In the past, several approaches have been used to compare levels of
gene expression, e.g., reverse transcription-polymerase chain reaction
and northern-blot analysis. These approaches are limited to analysis of
one gene at a time, whereas other methods like subtractive
hybridization or variations of the differential display technique
(Liang and Pardee 1992
) can determine multiple expression patterns of
predetermined sequences (Fischer et al. 1995
), with the latter
technique being very sensitive but not quantitative. Large numbers of
expressed genes also can be investigated using nucleic acid
microarrays. These arrays make use of the fact that DNA strands
hybridize to their complementary sequences, which can be applied to
inert surfaces (Schena et al. 1995
). Thousands of short nucleotide
sequences can be affixed to those membranes, and thus the expression of
hundreds of different genes can be assessed. Recently developed DNA
chips can contain up to 100,000 different DNA sequences, 20 nucleotides in length, "printed" on their glass surface, enabling
rapid and accurate scanning (Hacia et al. 1996
). While quite powerful,
all of these techniques have the relative disadvantage of being
suitable only for analysis of a fixed number of predetermined gene sequences.
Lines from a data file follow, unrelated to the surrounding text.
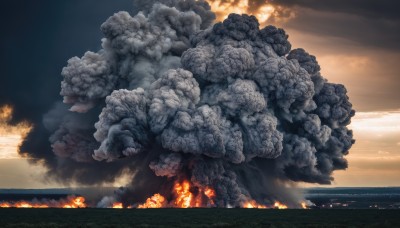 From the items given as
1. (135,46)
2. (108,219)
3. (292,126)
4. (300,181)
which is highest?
(135,46)

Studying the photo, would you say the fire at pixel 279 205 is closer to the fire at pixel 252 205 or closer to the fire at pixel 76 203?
the fire at pixel 252 205

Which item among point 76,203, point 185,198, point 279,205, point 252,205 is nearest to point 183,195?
point 185,198

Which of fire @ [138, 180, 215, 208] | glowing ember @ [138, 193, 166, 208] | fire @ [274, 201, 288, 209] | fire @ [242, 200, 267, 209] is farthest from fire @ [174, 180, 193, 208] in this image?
fire @ [274, 201, 288, 209]

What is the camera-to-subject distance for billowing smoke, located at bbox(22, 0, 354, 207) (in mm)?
93125

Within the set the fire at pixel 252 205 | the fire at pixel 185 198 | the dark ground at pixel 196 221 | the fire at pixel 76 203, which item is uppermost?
the fire at pixel 76 203

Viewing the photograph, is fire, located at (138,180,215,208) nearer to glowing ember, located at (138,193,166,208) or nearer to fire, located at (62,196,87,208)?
glowing ember, located at (138,193,166,208)

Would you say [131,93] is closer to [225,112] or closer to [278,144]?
[225,112]

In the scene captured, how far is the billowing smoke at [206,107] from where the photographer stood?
306 feet

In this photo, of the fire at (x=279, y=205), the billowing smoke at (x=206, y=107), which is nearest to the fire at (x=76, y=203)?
the billowing smoke at (x=206, y=107)

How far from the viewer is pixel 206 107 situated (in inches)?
3686

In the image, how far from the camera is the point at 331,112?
10612 centimetres

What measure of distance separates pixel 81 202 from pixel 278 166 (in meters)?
36.4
Presently, SAGE is the only technique that promises a quantitative
characterization of the complete transcriptome for a cell type or
tissue (Velculescu et al. 1997
). It is because of the quantitative
potential of the approach that it is imperative to consider aspects of
SAGE experiments that bias the observed outcomes. Four of these have
been considered in the present work: (1) sampling errors in tag
selection; (2) sequencing errors; (3) nonuniqueness of tag sequences;
and (4) nonrandomness of DNA sequences. Taken together, they lead to a
significant under-estimation of the number of active genes in a
preparation and in the fraction of genes expressed at low copy numbers.
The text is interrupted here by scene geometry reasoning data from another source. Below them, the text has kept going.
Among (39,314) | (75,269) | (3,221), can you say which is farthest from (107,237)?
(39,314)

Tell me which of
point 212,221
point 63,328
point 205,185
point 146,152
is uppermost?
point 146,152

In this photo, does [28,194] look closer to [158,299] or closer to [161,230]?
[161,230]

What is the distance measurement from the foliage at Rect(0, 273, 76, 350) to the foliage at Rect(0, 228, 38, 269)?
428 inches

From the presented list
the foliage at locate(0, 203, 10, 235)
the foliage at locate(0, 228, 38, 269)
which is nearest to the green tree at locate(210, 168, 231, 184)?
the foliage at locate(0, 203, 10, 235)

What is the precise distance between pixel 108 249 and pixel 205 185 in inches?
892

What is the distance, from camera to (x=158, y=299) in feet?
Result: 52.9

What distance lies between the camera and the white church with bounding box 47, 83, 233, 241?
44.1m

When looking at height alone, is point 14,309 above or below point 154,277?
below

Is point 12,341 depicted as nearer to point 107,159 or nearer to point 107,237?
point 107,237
This biasing can be overcome to arrive at maximum likelihood estimates
for gene number and transcript copy number distribution if certain
assumptions are made. Among these are several that merit more discussion.
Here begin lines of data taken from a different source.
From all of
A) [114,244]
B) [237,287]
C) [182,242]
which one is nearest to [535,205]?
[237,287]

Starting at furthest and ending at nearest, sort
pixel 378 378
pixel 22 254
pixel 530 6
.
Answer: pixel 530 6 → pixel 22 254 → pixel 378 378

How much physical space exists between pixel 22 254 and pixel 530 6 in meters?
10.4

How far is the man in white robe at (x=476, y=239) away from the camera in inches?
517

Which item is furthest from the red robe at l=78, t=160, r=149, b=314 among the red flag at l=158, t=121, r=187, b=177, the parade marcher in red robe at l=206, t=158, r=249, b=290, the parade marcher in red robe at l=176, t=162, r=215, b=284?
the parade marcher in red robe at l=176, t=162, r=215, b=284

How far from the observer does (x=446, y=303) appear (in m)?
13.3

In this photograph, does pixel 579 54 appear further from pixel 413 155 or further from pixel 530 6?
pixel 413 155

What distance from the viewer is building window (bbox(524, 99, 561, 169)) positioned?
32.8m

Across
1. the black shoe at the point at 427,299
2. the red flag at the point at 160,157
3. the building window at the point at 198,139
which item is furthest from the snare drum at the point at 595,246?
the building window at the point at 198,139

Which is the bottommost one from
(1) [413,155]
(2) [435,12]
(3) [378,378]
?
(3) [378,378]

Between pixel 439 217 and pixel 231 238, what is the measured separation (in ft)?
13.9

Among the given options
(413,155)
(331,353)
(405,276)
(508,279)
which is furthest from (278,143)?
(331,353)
The form of the distribution of copy numbers is one assumption that must be made to analyze the experiments quantitatively. Note that the relative frequencies of copy number classes are not assumed. Rather, the assumption deals with whether or not the distribution is continuous or a step function, and whether the mode of the distribution is at one copy per cell or some other number. The latter question appears to have very little impact on the outcome; constructing a distribution with the mode at three copies per cell, for example, produces results almost identical to those presented here.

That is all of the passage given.